# Smash and Grab



## shpence (Dec 18, 2018)

I’m interested in the GGD Smash & Grab plug-in as I’m not a huge fan of the (compression) plug-ins that come with Toontrack EZ/Superior drummer. I have sunk too much money into Toontrack stuff to abandon it anytime soon though haha. Anyone snag this plug-in yet? Seems like it could save some time whilst using multi-out.


----------



## isispelican (Dec 19, 2018)

I'm definitely eyeballing it. Hi and low cut filters and also look ahead on the side chain are great features, I'm not sure if I've seen another comp that has all three. I love Nolly's sounds so I trust that it will be amazing, would also like to read what others think about it.


----------



## shpence (Jan 21, 2019)

14 day trial available. Almost wish I didn’t try it due to not wanting to return to how my drum mix was before. Well done GGD Marketing team.


----------



## bulb (Jan 21, 2019)

shpence said:


> 14 day trial available. Almost wish I didn’t try it due to not wanting to return to how my drum mix was before. Well done GGD Marketing team.

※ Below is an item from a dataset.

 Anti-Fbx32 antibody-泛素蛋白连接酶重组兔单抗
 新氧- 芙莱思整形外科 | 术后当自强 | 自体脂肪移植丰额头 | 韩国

Haha well that’s entirely the idea behind the demo! We really think this compressor will help you get your drums to the next level, so with a trial you can see for yourself and then want to buy it because you actually use it!


----------



## MerlinTKD (Feb 1, 2019)

I finally got some drum mics (yay, Christmas  ) and been working on recording and mixing at band practice... I'll probably be snagging the demo in the next week or so to try it out. I can post some comparison vids later, if it'd be helpful.


----------



## MerlinTKD (Feb 1, 2019)

bulb said:


> Haha well that’s entirely the idea behind the demo! We really think this compressor will help you get your drums to the next level, so with a trial you can see for yourself and then want to buy it because you actually use it!



Just like (the multi-national coffee shop) where I work... the first taste is free, after that you pay


----------



## CLAYSHAPER (Jul 24, 2019)

bulb said:


> Haha well that’s entirely the idea behind the demo! We really think this compressor will help you get your drums to the next level, so with a trial you can see for yourself and then want to buy it because you actually use it!



I'm using Smash and grab and it's easy, fast and sounds killer. I'm so happy about it.


----------



## 7ibby001 (Sep 9, 2019)

I already own Modern and Massive, would it be worth it to get Smash and Grab alongside it? I've sunk so much money into plugins recently, I've been putting off other upgrades to my studio because of it .-.


----------



## Kaura (Sep 9, 2019)

7ibby001 said:


> I already own Modern and Massive, would it be worth it to get Smash and Grab alongside it? I've sunk so much money into plugins recently, I've been putting off other upgrades to my studio because of it .-.



If you don't have any nice compressor plugins already I'd say it's worth it. Nowadays I just have to slap that on the drum bus and that's drum mixing basicly done.


----------